Oleh Hasanuddin Atjo (Ketua Ispikani Sulawesi Tengah)

Kepercayaan, kepolosan dan toleransi adalah modal dasar yang saya tangkap, pada saat mewancarai Andy Arfah dan istrinya Nursiah Ridwan,S.E, si pedagang ikan asin asal Kabupaten Donggala, Sulawesi Tengah.

Bacaan Lainnya

Awalnya Andy Arfah berprofesi sebagai tenaga kerja di usaha keluarganya di Labuan Bajo Donggala , dan bertugas mengantar pesanan pengecer di dua pasar besar Kota Palu Masomba dan Inpres. Setelah itu dia mulai belajar mandiri.

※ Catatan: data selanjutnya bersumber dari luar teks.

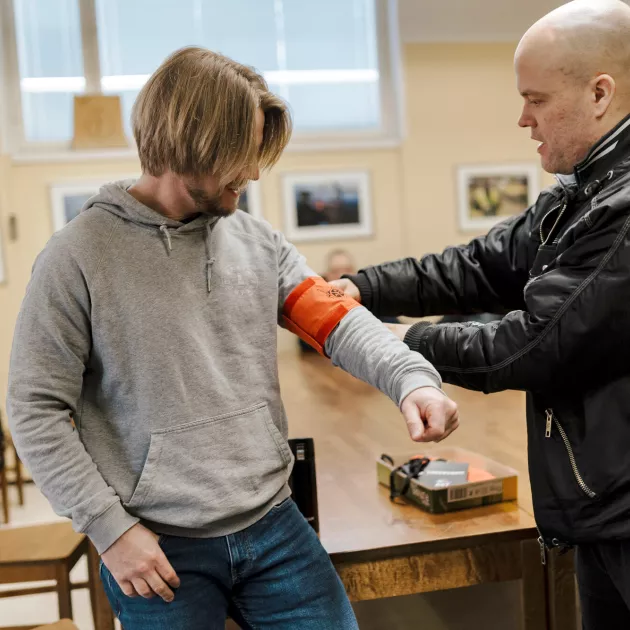 Jani Lindström laittaa lakkovahdin nauhaa Gunnar Sunessonin käsivarteen.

Persaingan antar suplier di dua pasar itu cukup tinggi, dan ini menjadi salah satu tantangan perputaran uang dan omset. Pasalnya, pembayaran dari pengecer mitranya sering molor, sementara itu kepercayaan dari pemasok harus dijaga agar tidak terjadi pemutusan hubungan kerja atau diblokir sebagai mitra.

Setelah menikah dengan sang istri tercinta Nursiah, mereka hijrah ke Kota Palu. Mulailah terlihat ada perubahan strategi pemasaran ikan asin yang dilakukan sang suami oleh polesan seorang istri yang paham ekonomi.

Ketika sang istri melihat dan mempelajari pembukuan sederhana sang suami, maka sang istri kemudian memberi komentar “ kalau seperti ini cara berdagangmu bisa tutup usahamu, bisa bangkrut bisnismu ”, sebagai bentuk penegasan.

Pola berdagang seperti ini perputaran sangat lambat, omset sulit bergerak naik. Kita harus memperluas pasar sesegera mungkin dan bisa mendapat dana segar, agar bisa lancar membayar ke pemasok. Selain itu harga di tingkat konsumen bisa lebih murah dan selalu lebih segar karena perputaran cepat kata Nursiah kepada suaminya. Rupanya sistem pemasaran digital seperti perubahan taxi konvensional ke taxi aplikasi dan bisnis online lainnya di saat masih kuliah beberapa tahun lalu menjadi inspirasi bagi Nursiah.

Mulailah strategi pemasaran di rubah. Suplai ke pengecer di dua pasar tetap dilanjutkan, namun ada perubahan cara pembayaran. Kalau dicicil maka pembayarannya naik menjadi tiga kali lipat dibanding cash. Tujuannya sebagai bentuk edukasi agar pengecer bisa membayar cash dan bisa menjual lebih murah ke konsumen dan perputaran lebih cepat.

Hasilnya tidak sesuai harapan, karena sebagian besar tetap memilih menyicil. Ini memberi indikasi bahwa para pengecer kesulitan modal. Ini harusnya menjadi peluang dan tugas bagi lembaga keuangan agar memberi perhatian terhadap usaha mikro kecil.